Ada pengorbanan itu pasti, tidak ada kemajuan tanpa ada pengorbanan hari ini tetapi kita menabung keuntungan yang lebih besar di masa mendatang. Para pendukung Jokowi dan PDI Perjuangan sepatutnya merenungkan pesan penting dari perhelatan politik yang sarat kemuliaan tadi malam, yaitu persatuan. 

Penunjukkan pak KH Ma'ruf Amin sebagai cawapres telah mempersatukan partai-partai koalisi (menghindarkan tidak membentuk poros 3) dan para relawan pendukung pak Amin dengan pendukung Jokowi. Penunjukan tersebut juga upaya menabung penciptaan politik yang berkeadaban, masyarakat yang semakin tidak terpolarisasi, tidak terbelah alias makin berbaur (multicultural). 

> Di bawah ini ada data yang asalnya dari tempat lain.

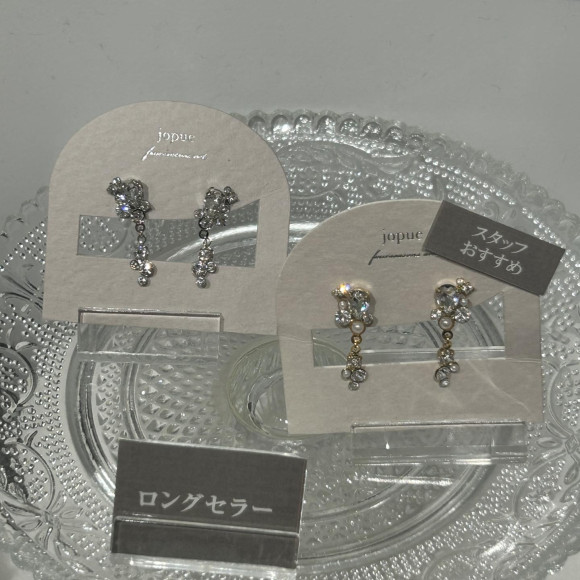 ♡ビジューピアス♡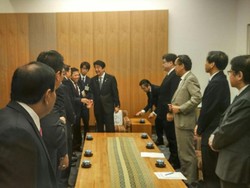 Bertemu PM Abe di Jepang, Novanto Diberi Ucapan Selamat Ultah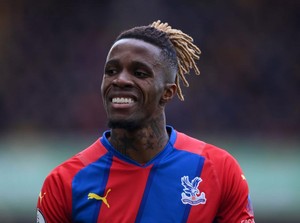Timnas Inggris, Wilfried Zaha, dan Takdir Tak Bisa Bersama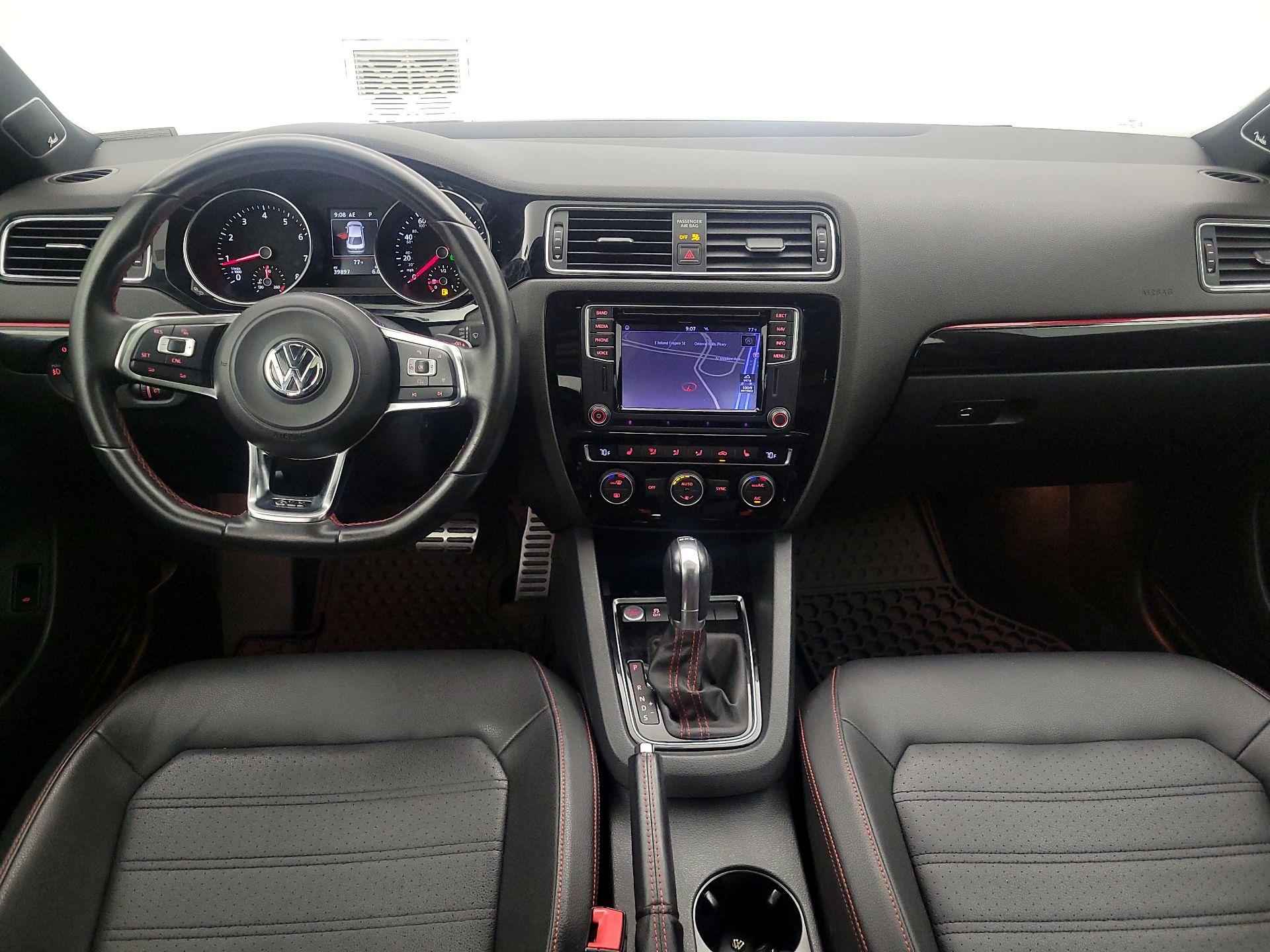 Thumbnail: 2016 Volkswagen Jetta - 9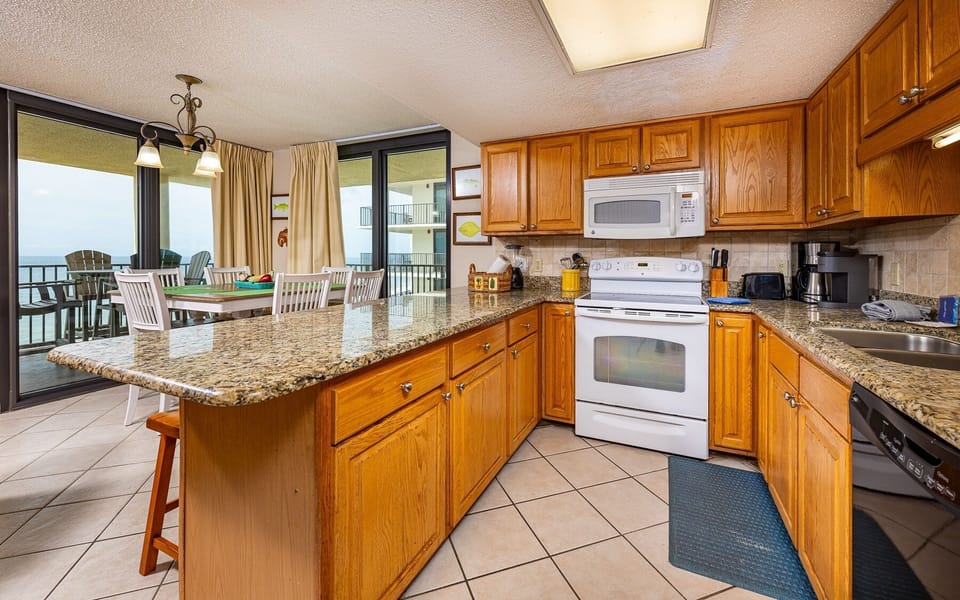 Condo, 3 Bedrooms | Private kitchen | Fridge, oven, coffee/tea maker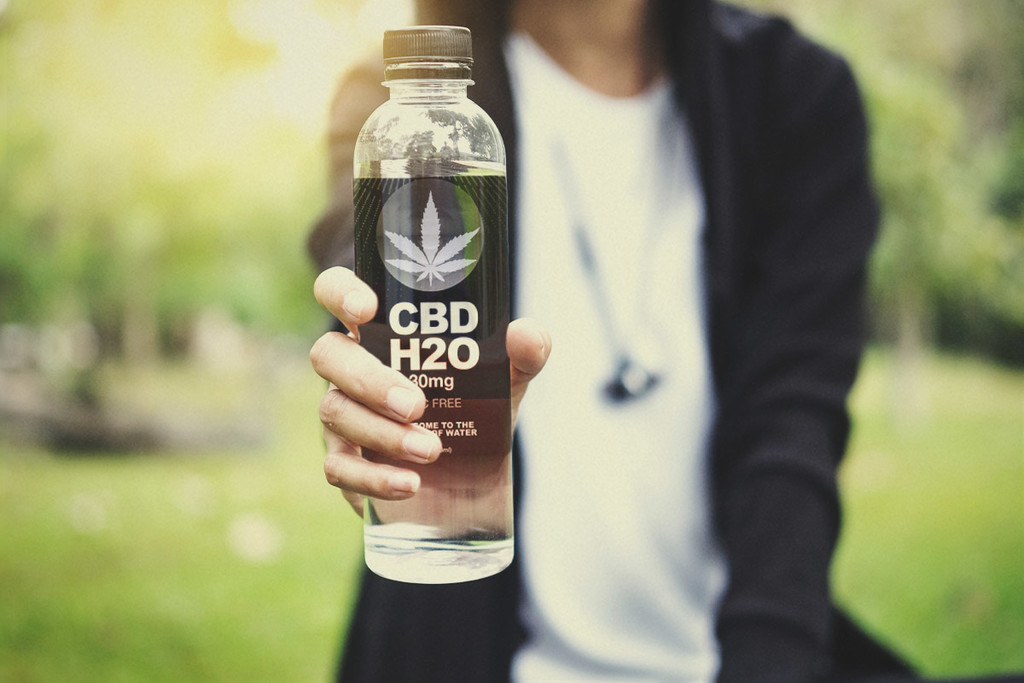 Acqua di CBD: Un mercato in espansione o in declino?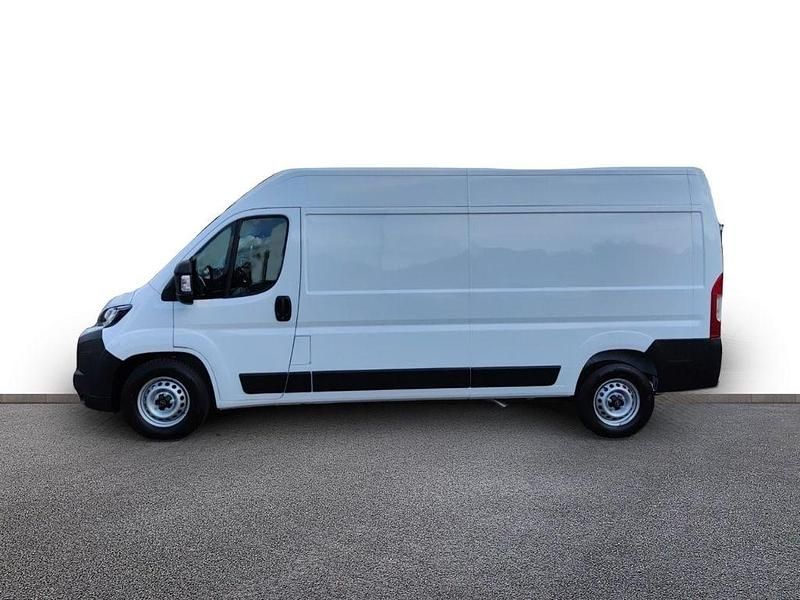 Neu Opel Movano 140 PS (102 kW) 2025 Weiß Van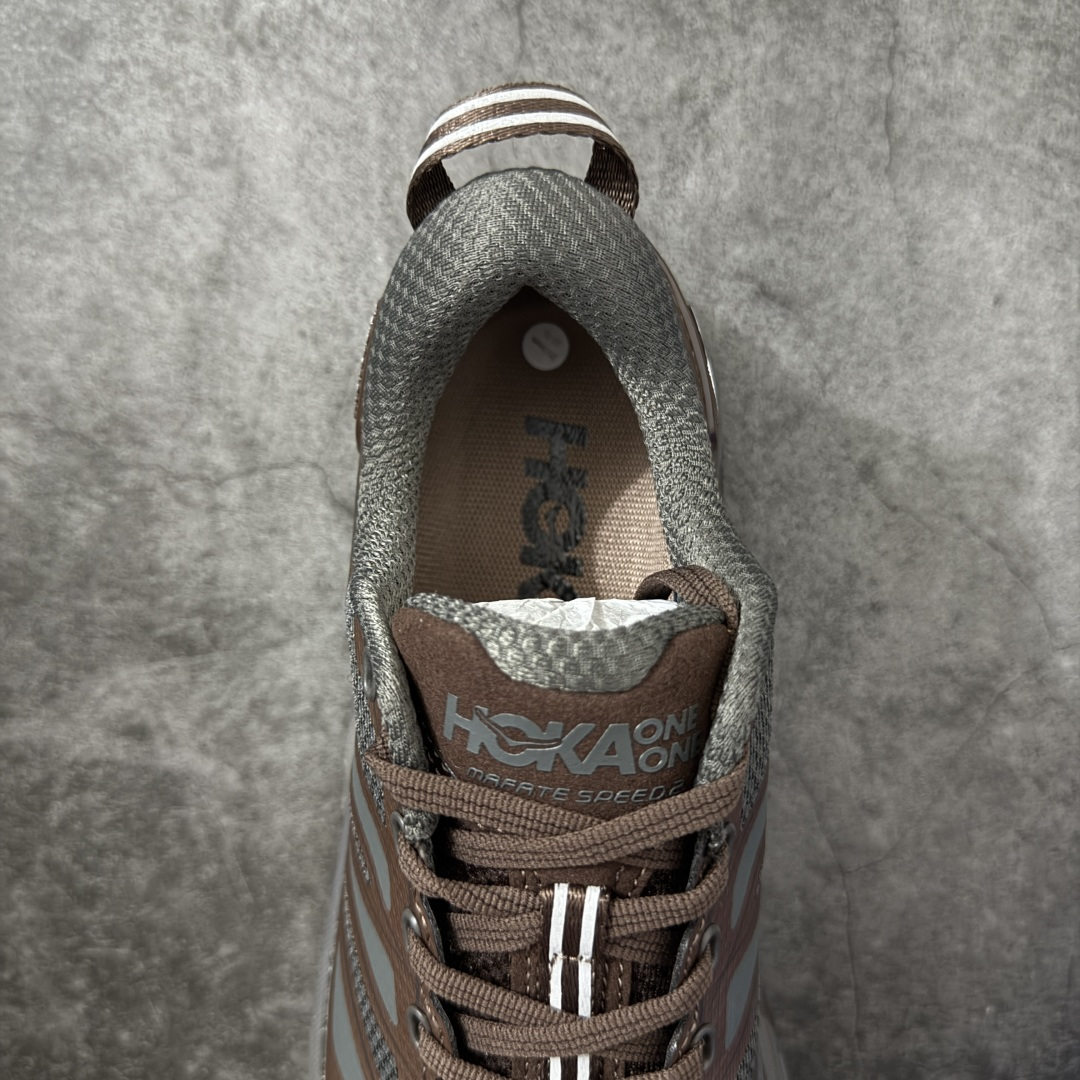 图片[8]-【纯原H版】HOKA ONE ONE Mafate Speed 2 Low CNY 玛法特2代系列低帮轻量户外越野休闲运动慢跑鞋 正确组合底 市场顶级版本 上脚赞到报爆 轻盈舒适 鞋面采用超轻的无缝架构 轻薄的TPU贴在透气的鞋面材料上 减轻重量同时也保证了支撑性 鞋底采用滚动平衡技术 引导跑者回归自然步态 祖传的神奇EVA材质中底依旧是一如既往地表现优秀 能提供充足的缓震 作为HOKA家的越野跑鞋 VIBRAM 橡胶大底也是必不可少的 即便在复杂湿滑的地形 依旧能有良好的抓地力及稳定性 鞋带采用了弹性不易松脱的扁宽弹性鞋带 前掌与中掌部分也进行了加宽 也更加适合亚洲人的脚型 是一款十分全面且足够强悍的户外硬核越野鞋 日常搭配的话短裤是基本不挑 阔腿裤 工装裤以及各种长筒牛仔裤都可以 尺码：36 36.5 37.5 38 38.5 39 40 40.5 41 42 42.5 43 44 44.5 45-选品中心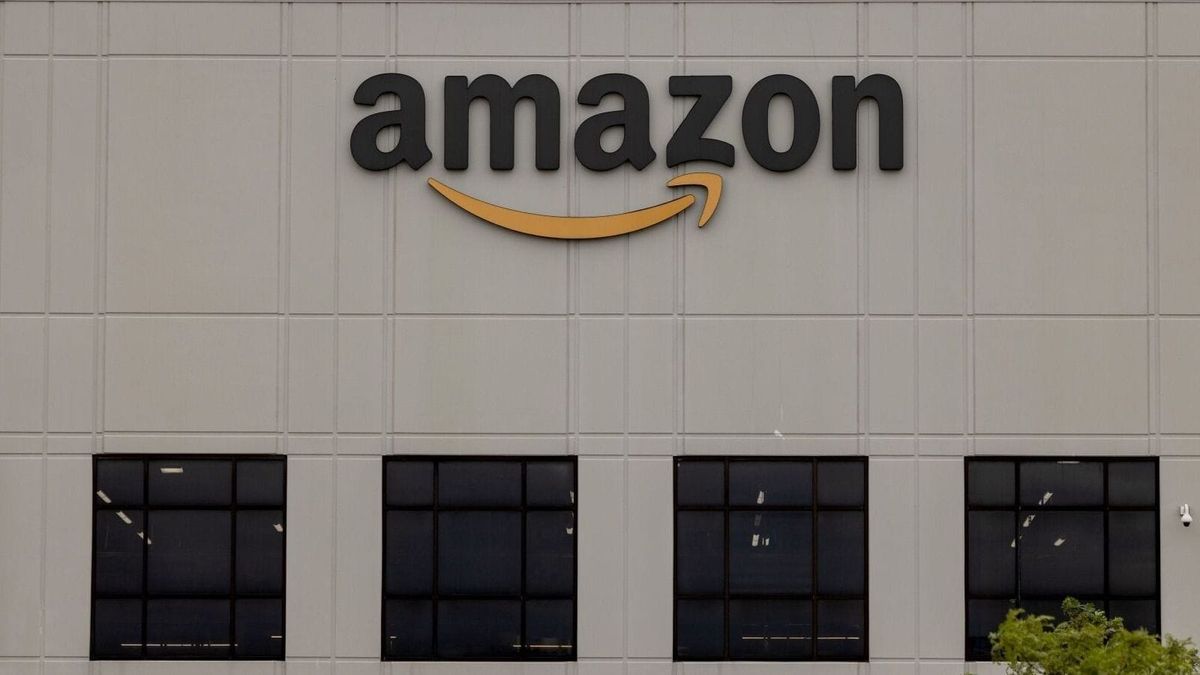 Amazon to Cut 30,000 Jobs in Largest Layoffs in Company History Amid AI Shift and Cost-Cutting Drive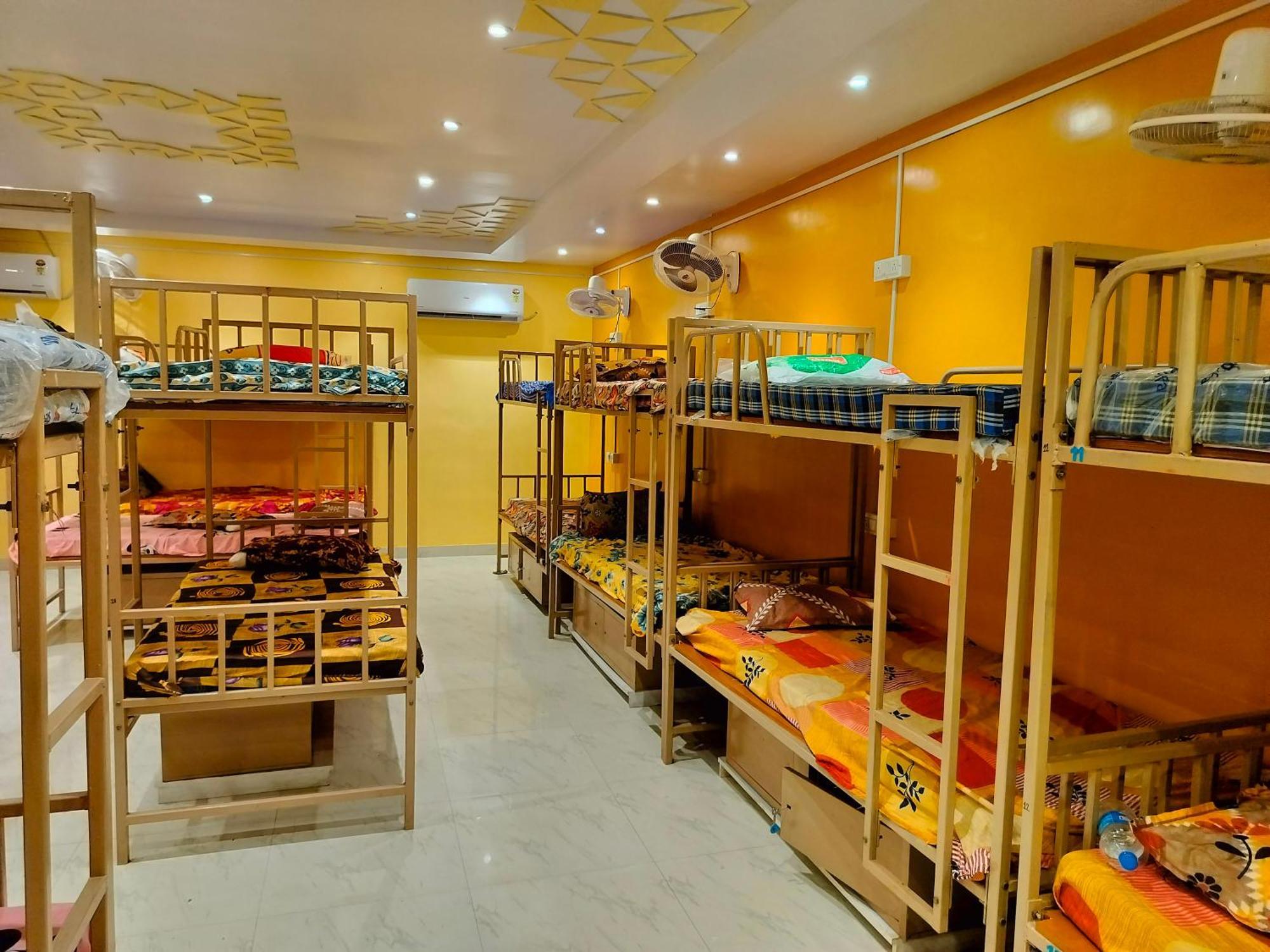 Sri Durga Jatri Nibasa Hostel Brahmapur Exterior foto
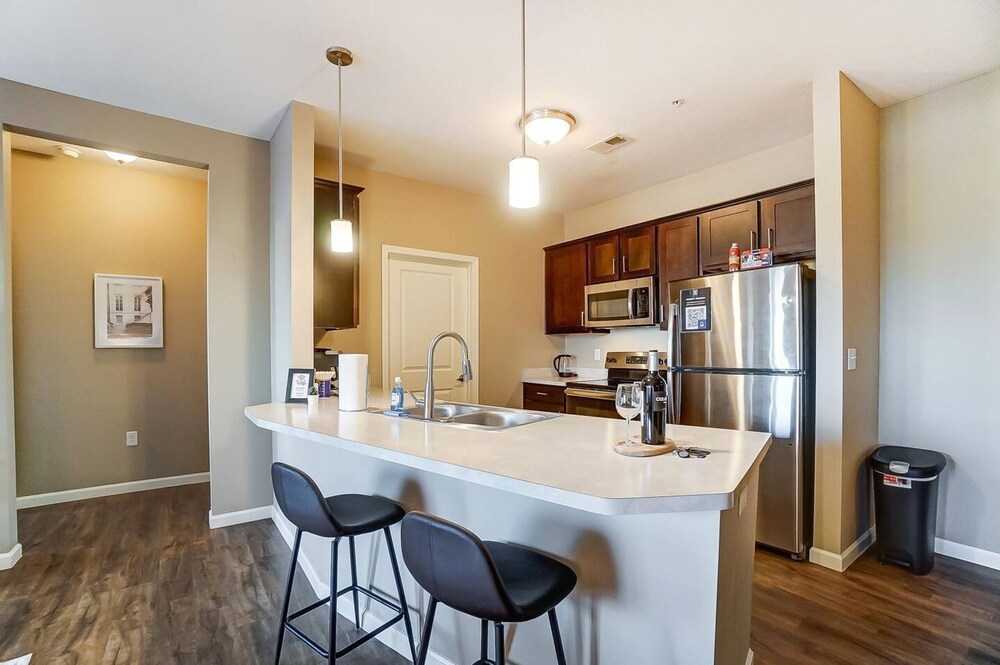Lux Dublin 2BR 1st Floor W D Pet Friendly, Billede 5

Insyaallah, kehadiran pak Ma'ruf akan meredam serangan-serangan berdemensi SARA sehingga Jokowi bisa konsentrasi untuk bekerja memajukan kesejahteraan. Pak Ma'ruf juga akan mampu mengekspresikan kapasitasnya di bidang perekonomian dan keuangan demi terwujudnya perekonomian gotong-royong Pancasila yang Islami. 

Kepemimpinan Presiden Jokowi dan Ketum PDI Perjuangan Megawati Soekarnoputritelah memaksa kita untuk mentransformasi diri agar transformasi bangsa bisa kita wujudkan. Kita diajak bersama-sama menuju politik yang pro damai agar tujuan demokrasi yaitu keadilan sosial bisa kita wujudkan. Mari mengubah diri untuk mendukung perubahan yang sudah dimulai pak Jokowi 4 tahun lalu.